I started reading Programming Collective Intelligence again on my flight to Chicago for PyCon 2009. I started reading it months ago but never found the time to finish it. So now I’m starting again at the beginning, but hopefully this time I’ll read the parts I've already read faster (and with better recollection), and hopefully get through more—if not all—of it. (Not that I find it difficult or dull reading; on the contrary it’s very interesting and well written.)I read something in the preface I don’t recall noticing last time. (Though I wish I had noticed it earlier.) Toby Segaran (the author) explains why he chose Python for all the example code in the book. He lists six reasons. Python is:
Consise - Python code tends to be shorter than other “mainstream languages”. So there’s less typing, but also it’s “easier to fit the algorithm in your head and really understand what it’s doing”.

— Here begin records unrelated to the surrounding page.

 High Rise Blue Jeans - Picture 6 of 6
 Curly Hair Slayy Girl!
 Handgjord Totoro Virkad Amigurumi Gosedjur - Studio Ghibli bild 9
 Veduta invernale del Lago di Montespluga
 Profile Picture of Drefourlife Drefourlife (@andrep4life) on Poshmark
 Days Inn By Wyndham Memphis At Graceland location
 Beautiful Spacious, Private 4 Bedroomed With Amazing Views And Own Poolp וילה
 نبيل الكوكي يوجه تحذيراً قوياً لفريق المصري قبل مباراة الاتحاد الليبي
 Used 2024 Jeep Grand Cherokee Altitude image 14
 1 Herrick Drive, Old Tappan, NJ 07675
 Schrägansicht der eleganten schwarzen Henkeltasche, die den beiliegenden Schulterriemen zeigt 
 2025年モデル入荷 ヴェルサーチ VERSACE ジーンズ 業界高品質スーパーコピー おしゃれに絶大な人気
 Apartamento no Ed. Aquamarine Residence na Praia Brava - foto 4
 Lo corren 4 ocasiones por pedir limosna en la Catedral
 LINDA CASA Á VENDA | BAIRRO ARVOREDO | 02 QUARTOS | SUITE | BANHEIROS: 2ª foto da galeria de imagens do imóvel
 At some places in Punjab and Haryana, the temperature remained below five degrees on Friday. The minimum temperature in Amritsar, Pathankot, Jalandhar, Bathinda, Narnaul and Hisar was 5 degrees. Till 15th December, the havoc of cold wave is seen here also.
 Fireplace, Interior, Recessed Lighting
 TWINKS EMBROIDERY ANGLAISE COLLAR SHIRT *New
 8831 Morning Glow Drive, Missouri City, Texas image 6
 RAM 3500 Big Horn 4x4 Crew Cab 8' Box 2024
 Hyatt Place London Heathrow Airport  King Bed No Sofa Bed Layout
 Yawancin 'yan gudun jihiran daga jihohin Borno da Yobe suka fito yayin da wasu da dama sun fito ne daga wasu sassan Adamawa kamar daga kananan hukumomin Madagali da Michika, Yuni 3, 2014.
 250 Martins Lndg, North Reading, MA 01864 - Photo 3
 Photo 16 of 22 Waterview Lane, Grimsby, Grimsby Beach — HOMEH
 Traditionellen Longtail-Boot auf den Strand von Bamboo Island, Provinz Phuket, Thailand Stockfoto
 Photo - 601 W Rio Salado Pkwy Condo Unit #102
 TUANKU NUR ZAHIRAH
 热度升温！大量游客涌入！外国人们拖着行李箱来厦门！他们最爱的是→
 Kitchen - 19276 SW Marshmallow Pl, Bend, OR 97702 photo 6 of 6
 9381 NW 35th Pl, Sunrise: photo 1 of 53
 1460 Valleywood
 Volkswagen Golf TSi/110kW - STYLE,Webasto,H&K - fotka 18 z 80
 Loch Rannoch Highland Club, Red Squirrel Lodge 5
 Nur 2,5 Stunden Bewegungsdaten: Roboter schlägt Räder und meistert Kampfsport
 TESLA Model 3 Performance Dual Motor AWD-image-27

Easy to read - If I recall correctly, I’ve heard Guido himself describe Python as “executable pseudocode”.
Easily extensible - In addition to the “batteries included”, there are many other modules that free and easy to download, install and use.
Interactive - If you program in Python and you never use it interactively, you may be a figment of my imagination. (Though others may be shocked to learn I don’t use IPython. When I finish reading Programming Collective Intelligence, next on my list is another book I started and didn’t make time to finish: Python for Unix and Linux System Administration. Chapter 2 is on IPython.)
Multiparadigm - “Python supports object-oriented, procedural, and functional styles of programming…Sometimes it’s useful to pass around functions as parameters and other times to capture state in an object.” As I become more proficient with Python I’m surprised that I use all three styles.
Multiplatform and free - “The code described in this book will work on Windows, Linux, and Macintosh.”